EXERCISE
Each record below is to be output with no change at all.

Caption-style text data
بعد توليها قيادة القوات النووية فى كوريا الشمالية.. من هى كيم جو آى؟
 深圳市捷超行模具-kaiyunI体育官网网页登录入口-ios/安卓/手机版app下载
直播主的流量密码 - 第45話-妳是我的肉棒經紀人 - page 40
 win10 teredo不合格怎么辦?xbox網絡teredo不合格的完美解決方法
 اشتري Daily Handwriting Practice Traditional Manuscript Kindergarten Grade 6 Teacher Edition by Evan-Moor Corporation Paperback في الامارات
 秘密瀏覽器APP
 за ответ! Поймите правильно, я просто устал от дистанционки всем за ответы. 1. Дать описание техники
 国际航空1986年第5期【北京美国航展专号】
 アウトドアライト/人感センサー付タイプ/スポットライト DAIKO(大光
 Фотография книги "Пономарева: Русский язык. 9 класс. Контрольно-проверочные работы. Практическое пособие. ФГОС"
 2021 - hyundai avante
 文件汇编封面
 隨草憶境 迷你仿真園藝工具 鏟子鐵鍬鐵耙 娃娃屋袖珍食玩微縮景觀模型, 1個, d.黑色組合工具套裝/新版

YOUR SOLUTION
بعد توليها قيادة القوات النووية فى كوريا الشمالية.. من هى كيم جو آى؟
 深圳市捷超行模具-kaiyunI体育官网网页登录入口-ios/安卓/手机版app下载
直播主的流量密码 - 第45話-妳是我的肉棒經紀人 - page 40
 win10 teredo不合格怎么辦?xbox網絡teredo不合格的完美解決方法
 اشتري Daily Handwriting Practice Traditional Manuscript Kindergarten Grade 6 Teacher Edition by Evan-Moor Corporation Paperback في الامارات
 秘密瀏覽器APP
 за ответ! Поймите правильно, я просто устал от дистанционки всем за ответы. 1. Дать описание техники
 国际航空1986年第5期【北京美国航展专号】
 アウトドアライト/人感センサー付タイプ/スポットライト DAIKO(大光
 Фотография книги "Пономарева: Русский язык. 9 класс. Контрольно-проверочные работы. Практическое пособие. ФГОС"
 2021 - hyundai avante
 文件汇编封面
 隨草憶境 迷你仿真園藝工具 鏟子鐵鍬鐵耙 娃娃屋袖珍食玩微縮景觀模型, 1個, d.黑色組合工具套裝/新版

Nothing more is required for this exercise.